Bug 1463304

Summary: tendrl-node-monitoring - 'Error connecting to central store (etcd), trying again...'
Product: [Red Hat Storage] Red Hat Storage Console Reporter: Lubos Trilety <ltrilety>
Component: node-monitoringAssignee: anmol babu <anbabu>
Status: CLOSED WONTFIX QA Contact: sds-qe-bugs
Severity: unspecified Docs Contact:
Priority: unspecified    
Version: 3CC: mkarnik, nthomas, sankarshan
Target Milestone: alpha   
Target Release: 3-alpha   
Hardware: Unspecified   
OS: Unspecified   
Whiteboard:
Fixed In Version: Doc Type: If docs needed, set a value
Doc Text:
Story Points: ---
Clone Of: Environment:
Last Closed: 2018-11-19 05:40:29 UTC Type: Bug
Regression: --- Mount Type: ---
Documentation: --- CRM:
Verified Versions: Category: ---
oVirt Team: --- RHEL 7.3 requirements from Atomic Host:
Cloudforms Team: --- Target Upstream Version:
Embargoed:

Description Lubos Trilety 2017-06-20 14:28:32 UTC
Description of problem:
If tendrl-node-monitoring does not succeed with connecting to etcd it goes to loop when it logs that it cannot connect repeatedly without much delay and without new lines.
Example of log:
# journalctl -u tendrl-node-monitoring
-- Logs begin at Út 2017-06-20 04:55:27 EDT, end at Út 2017-06-20 10:10:57 EDT. --
čen 20 04:55:32 localhost.localdomain systemd[1]: Started Daemon to manage tendrl node monitoring.
čen 20 04:55:32 localhost.localdomain systemd[1]: Starting Daemon to manage tendrl node monitoring...
čen 20 04:57:20 <hostname> tendrl-node-monitoring[527]: Creating namespace.node_monitoring from source tendrl.node_monitoringnamespace.node_monitoring created!Finding objects in namespace.node_monitorin
čen 20 04:57:20 <hostname> tendrl-node-monitoring[527]: connecting to central store (etcd), trying again...Error connecting to central store (etcd), trying again...Error connecting to central store (etc
čen 20 04:59:42 <hostname> tendrl-node-monitoring[527]: ror connecting to central store (etcd), trying again...Error connecting to central store (etcd), trying again...Error connecting to central store 
čen 20 04:59:42 <hostname> tendrl-node-monitoring[527]: ..Error connecting to central store
...

Version-Release number of selected component (if applicable):
tendrl-node-agent-3.0-alpha.10.el7scon.noarch
tendrl-commons-3.0-alpha.10.el7scon.noarch
tendrl-node-monitoring-3.0-alpha.6.el7scon.noarch

How reproducible:
100%

Steps to Reproduce:
1. Stop etcd on tendrl server
2. Start tendrl-node-monitoring on any machine
3. Wait till the node-monitoring logs 'Error connecting to central store (etcd), trying again...'
4. Wait a while and start etcd on tendrl server

Actual results:
tendrl-node-monitoring repeatedly logs 'Error connecting to central store (etcd), trying again...' without much delay and without any new line.
If we wait a long before we start etcd on server, tendrl-node-monitoring doesn't end to log the failure even when the etcd is running again.

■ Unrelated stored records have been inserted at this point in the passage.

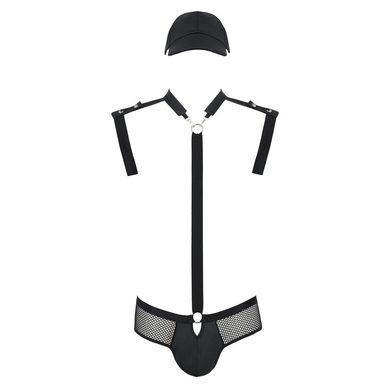 Комплект еротичної чоловічої білизни Passion 038 JOHN SET L/XL Black, боді, кепка SO7585 фото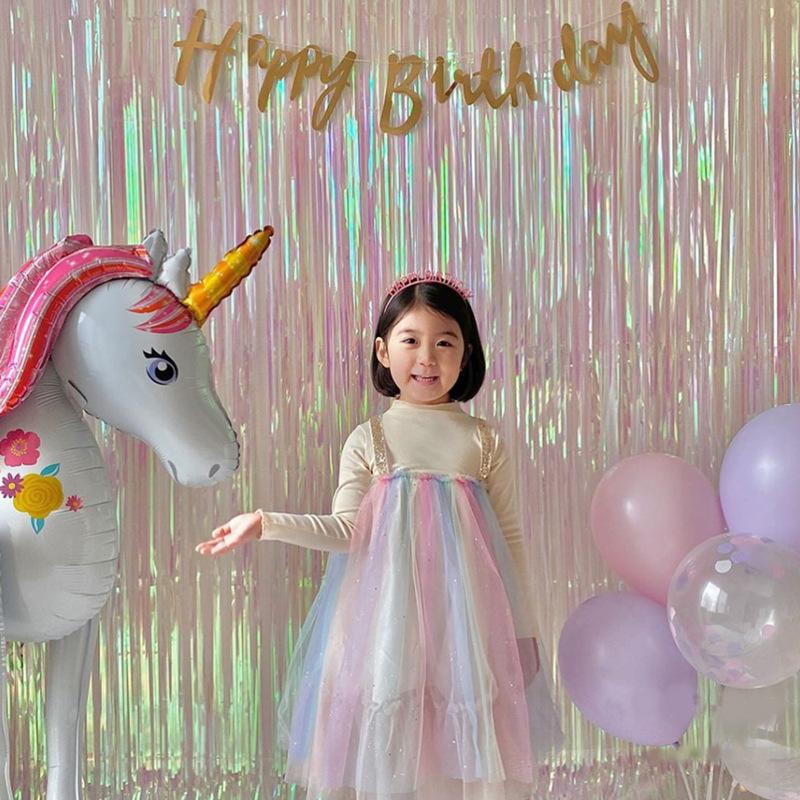 Children's First Birthday Laser Rain Curtain Tassel Balloons Decoration Set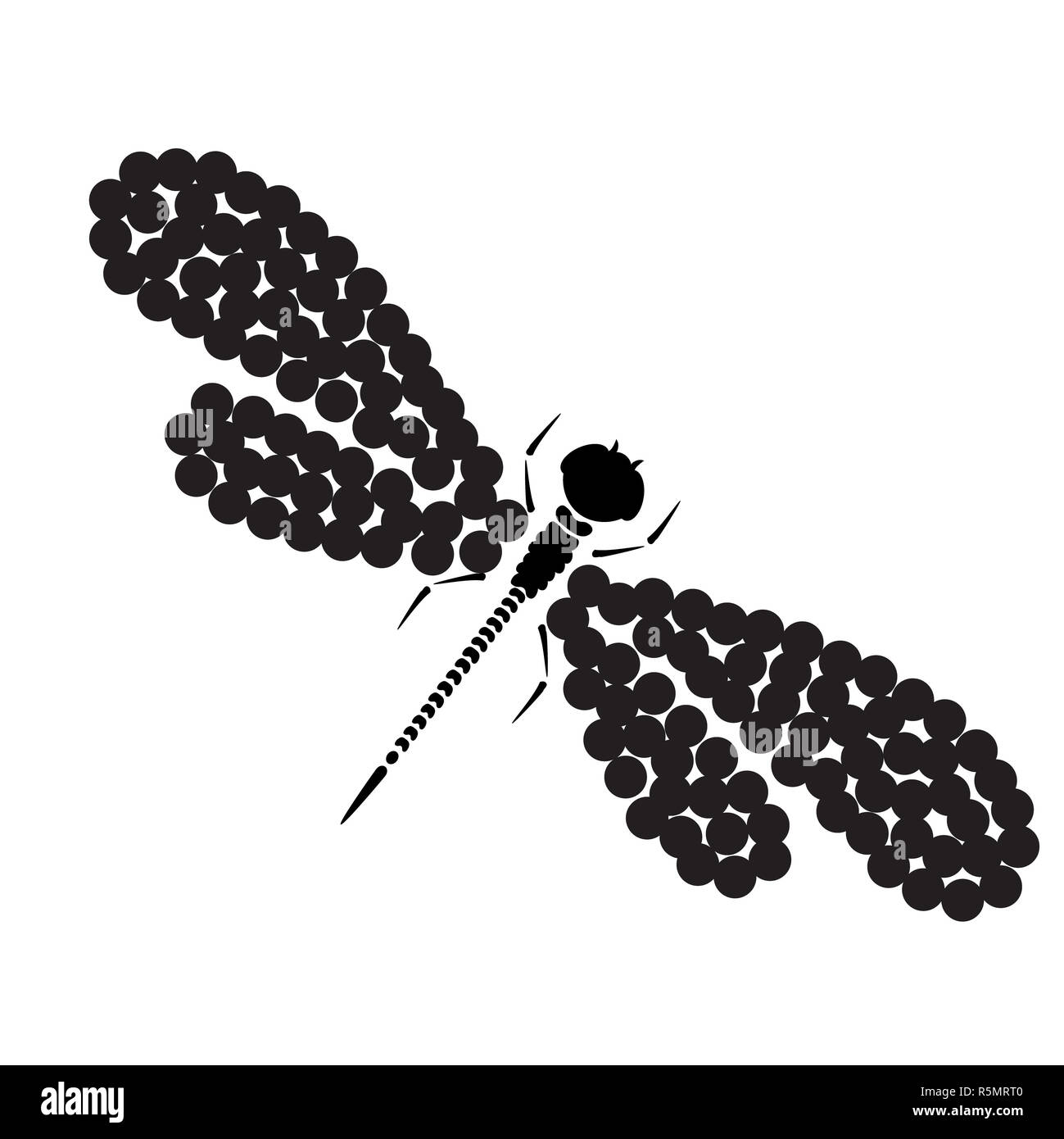 Vector dragon-fly silhouette. Cartoon illustrazione grafica di damselfly isolato di bianco e nero con le ali. Schizzo libellula insetto Foto Stock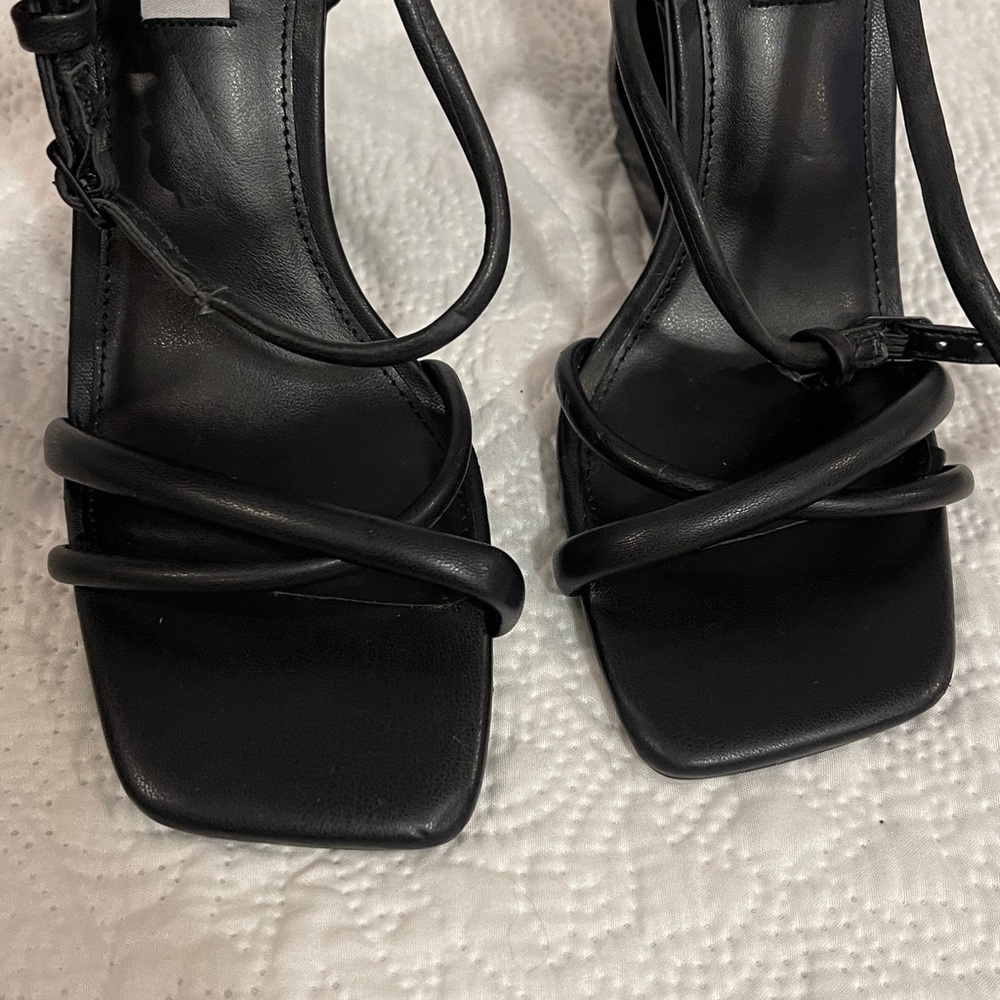 Steve Madden Black Strappy Heels - Picture 3 of 8
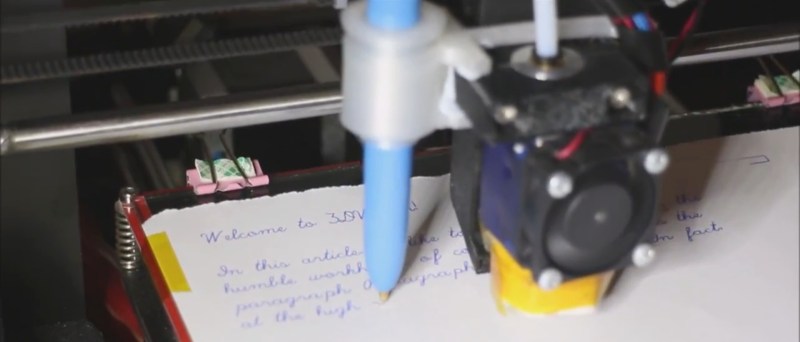 Writing with a 3D printer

Probably because there's too much of those messages buffered. Because of that no new messages from tendrl-node-monitoring are logged for a long time.

Expected results:
tendrl-node-monitoring should periodically check if the connection is available. However there should be some sleep and probably just first note about that could be enough. The message should end with newline character.

Additional info:
Restart of the tendrl-node-monitoring fix the issue when etcd is running.

Comment 4 Shubhendu Tripathi 2018-11-19 05:40:29 UTC
This product is EOL now